A scene from Movements
THE MOVEMENTS Dance Company of Jamaica presented 'The Journey Continues ...', their 24th anniversary season of dance at the Little Theatre on Tom Redcam Avenue last weekend, with a gala performance on Thursday night.
The seven dances presented on Thursday night suggested interesting concepts in choreography but were essentially uninspiring.
Of the dances presented 'Amor en Tres Tiempos', choreographed by Arturo Castillo, 'Semicolon', choreographed by Patrick Johnson, and 'Baraka', choreographed by Monica Campbell, came closest to their intentions.
'Baraka', Thursday night's closing dance, is a work celebrating life and uses modern techniques with a hint of folk and gospel. It was mostly successful through the use of numerous roving spotlights and the fog machine which helped to fix the dance in an ethereal grace and greatly accented the dancers' white, feathery costumes. Additionally, the dancers have to be given kudos for not flinching when the sound system developed problems.
DANCERS WEAK
'Amor en Tres Tiempos' had the potential to be quite an exciting dance but suffered under Movements' weakest element - the dancers. The piece showed love from two different generations: the first taken in the middle of the last century and the second from the contemporary era. The first movement, therefore, detailed courtship in a more 'innocent' era, when the emphasis was on flirtation and dalliance. The second movement was far more fiery in comparison, and featured more daring moves for the second couple.

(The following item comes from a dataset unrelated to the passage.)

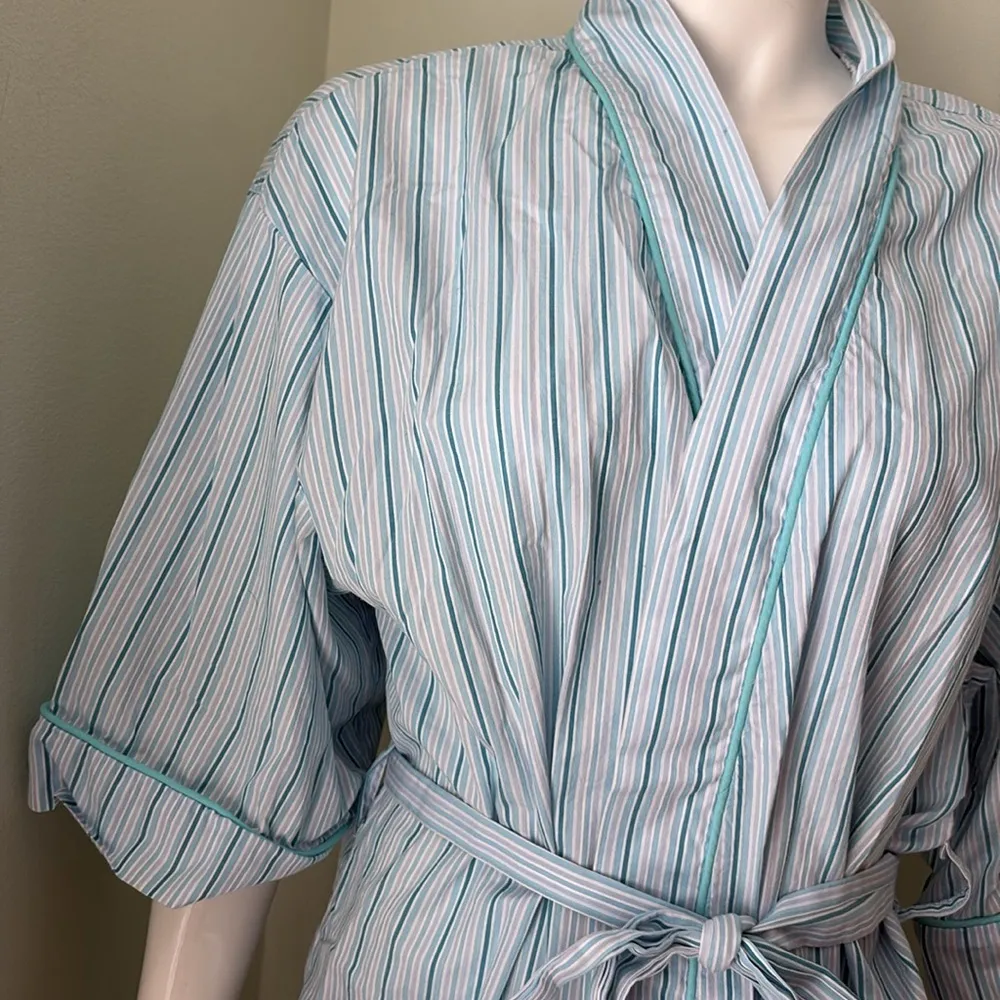 BedHead for Neiman Marcus Stripes Blue Bathrobe Large - Image 2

Alas, the dancing lacked that almost indescribable element that takes dance from being a craft to being an art. It is the element that shows the audience that dance is far more than the movement of the limbs, as the dancer moves with his or her entire being. Leesa Kow was one of the few dancers in the troupe who exhibited this element and it greatly helped in making 'Semicolon' a more enjoyable piece.
AMBITIOUS ATTEMPTS
Dancing aside, the choreography and what it attempted to translate was quite ambitious. Campbell's 'Desert Heart' and Michael Holgate's 'Doorways' were two of these pieces. 'Desert Heart' featured four movements representing different stages from groping desperation, to the finding of knowledge and finally fulfilment. Each of the first three movements featured a different male dancer, first Arturo Catillo, then Lazaro Caballero and finally Patrick Johnson, representing the persona's search for fulfilment.
'Doorways' was a take on the movement from this life to the next. Though interestingly conceived, its complete meaning was not adequately translated which could have resulted from inadequacies from both the dancers and the choreographers. Neila Ebanks' 'Cardo Valore' and Maz Luna III's 'Rendering' completed the night's offering.
The result was that the night featured dances which were concep-tually interesting but largely flawed and uninspiring in execution.